(Reuters) - The Winnipeg Jets had a weekend to savor their maiden playoff series win but are back to work as they prepare for a colossal second-round match-up that will pit the National Hockey League’s two best teams against each other.
The Jets enjoyed an impressive opening round of the Stanley Cup playoffs as they needed only five games to eliminate the Minnesota Wild from the best-of-seven series and are refusing to let any complacency set in.
“Obviously, it feels good. We put a lot of hard work into it, but now we’re here for the long term,” said Jets goalie Connor Hellebuyck. “We want to win a Stanley Cup and we’re going to continue to build our games until the very end.”

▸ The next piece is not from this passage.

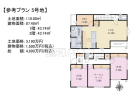 小平市仲町　全7区画／5号地　建築条件付売地物件画像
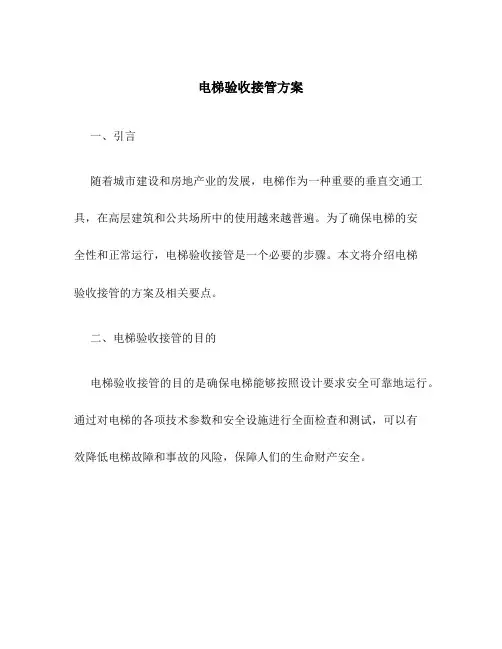 电梯验收接管方案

Next up for the Jets is a clash with a Nashville Predators team that reached last year’s Stanley Cup Final, where they lost in six games to the Pittsburgh Penguins, and returned this season to post the NHL’s best record.
The Jets, who finished in second place just three points behind Nashville, practised on Sunday for the first time since eliminating Minnesota on Friday and spoke about the keys to the success they have enjoyed this season.

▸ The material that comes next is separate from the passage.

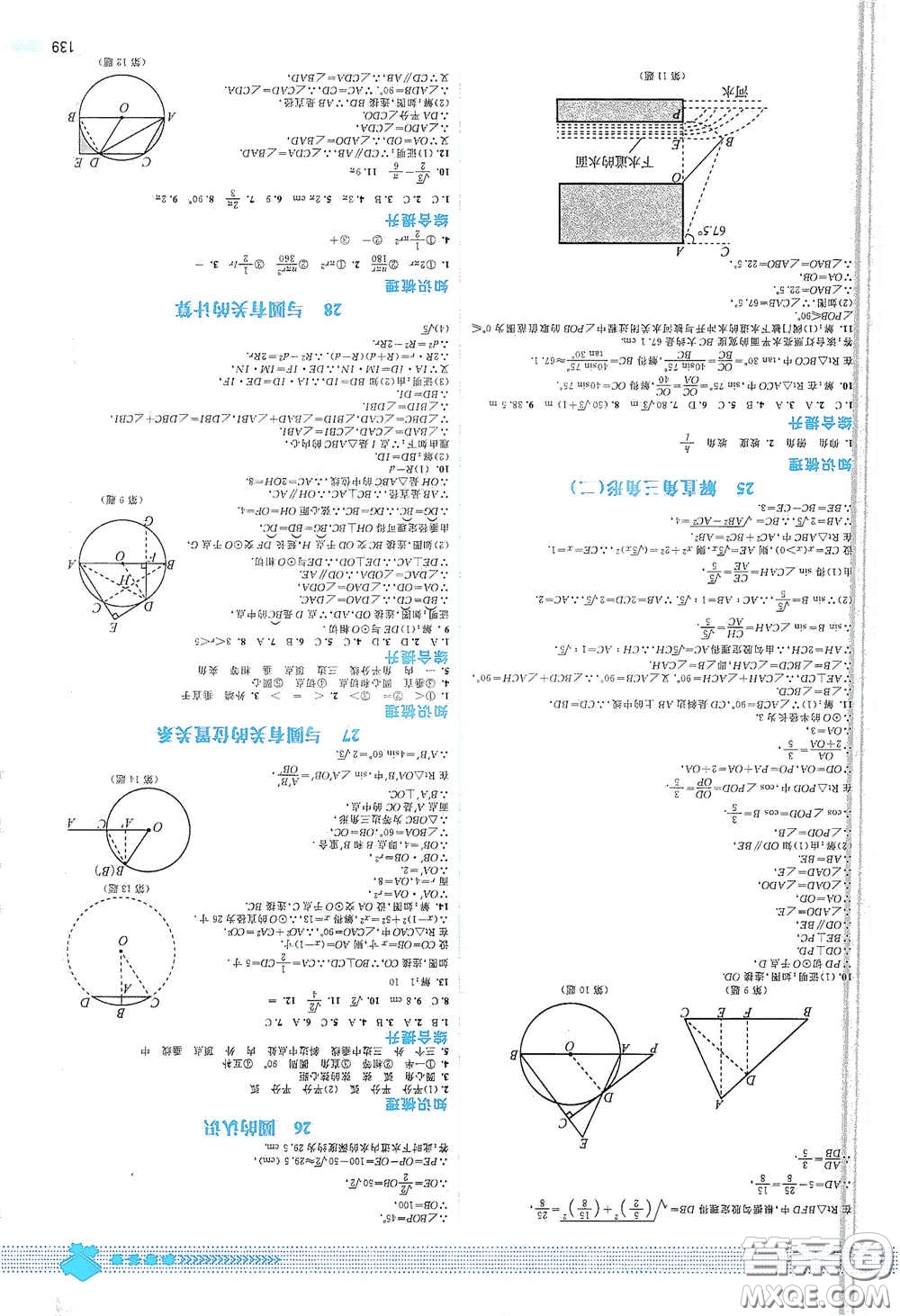 北京師范大學出版社2021課堂精練九年級數學下冊北師大版山西專版答案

“Our team has been phenomenal this year. We’ve played such a good team defense,” said Hellebuyck, who capped the opening round with two consecutive shutouts.
“You can see the trust on the ice. You can see the defensemen, when they trust me to have the shot and they take the back door. And when we have that trust in each other, it makes everyone so much better at their job.”
Winnipeg’s previous playoff appearance was in 2015 when they were swept by Anaheim. The franchise had moved from Atlanta in 2011 after a 12-year stint during which their only playoff series ended in a four-game sweep in 2007.
Having already put together the best season in franchise history by a significant margin, the Jets are now hoping their size, depth, speed and goaltending will carry them even further.
They will face a stern test in a second round match-up that has the look of a conference final and could put a premium on scoring. Hellebuyck and Nashville counterpart Pekka Rinne are both finalists for the Vezina Trophy for the NHL’s best goalie.
The Predators, for their part, know exactly what they are in for when the best-of-seven series begins later this week and what they need to do to succeed.
“They’ve got size. They’ve got skill. They’ve got speed,” Nashville forward Austin Watson said after his team’s series-clinching win over Colorado on Sunday. “(We must) Get our rest and get prepared.”